## Work instruction
From the line with "20 Inch Lambs Ear Stem 13420B" to the end of the data below, restate each line word for word, both ends included, without the pictures.

## Information provided
Segment Open

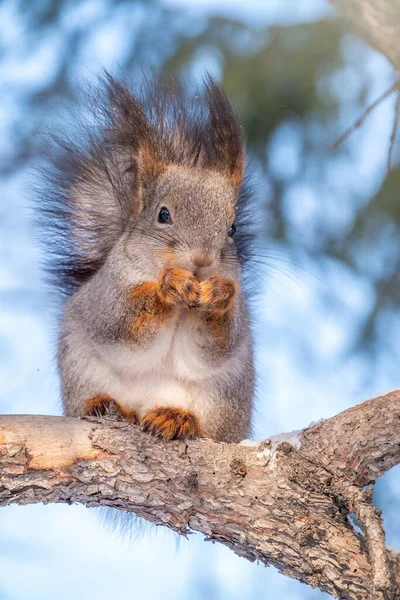 Scoiattolo Con Noce Siede Rami Abete Nell Inverno Autunno Scoiattolo — Foto Stock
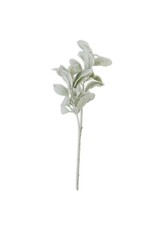 20 Inch Lambs Ear Stem 13420B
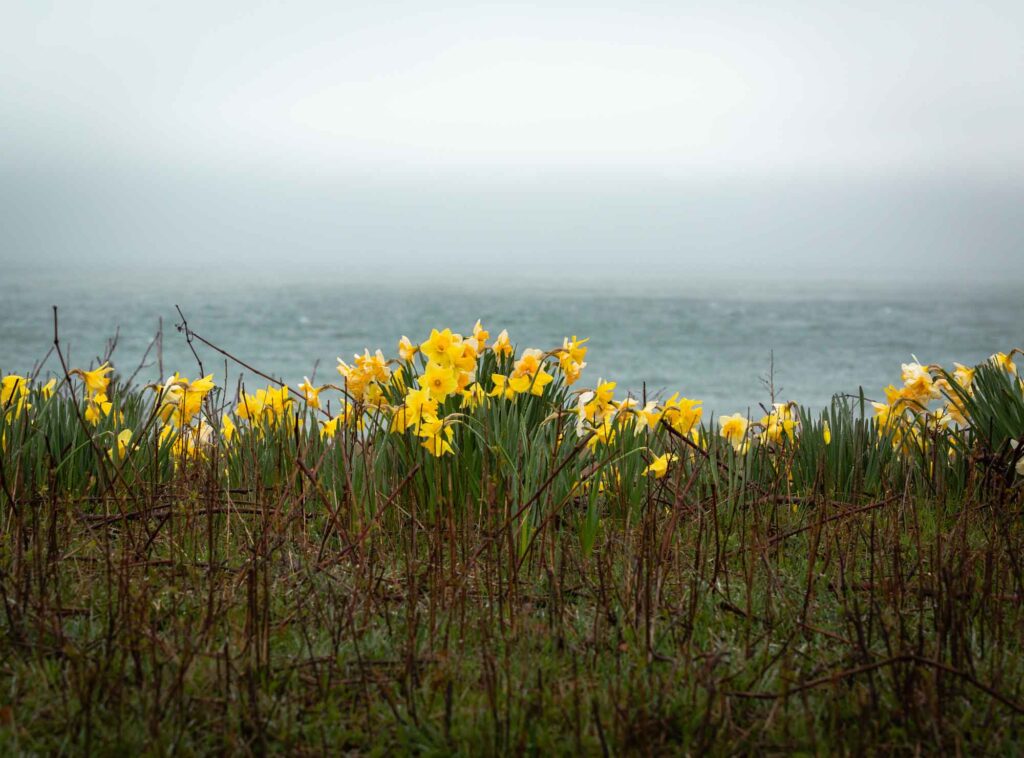 Daffodils on Nantucket Island, Massachusetts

Segment Closed

## Response area
 20 Inch Lambs Ear Stem 13420B
 Daffodils on Nantucket Island, Massachusetts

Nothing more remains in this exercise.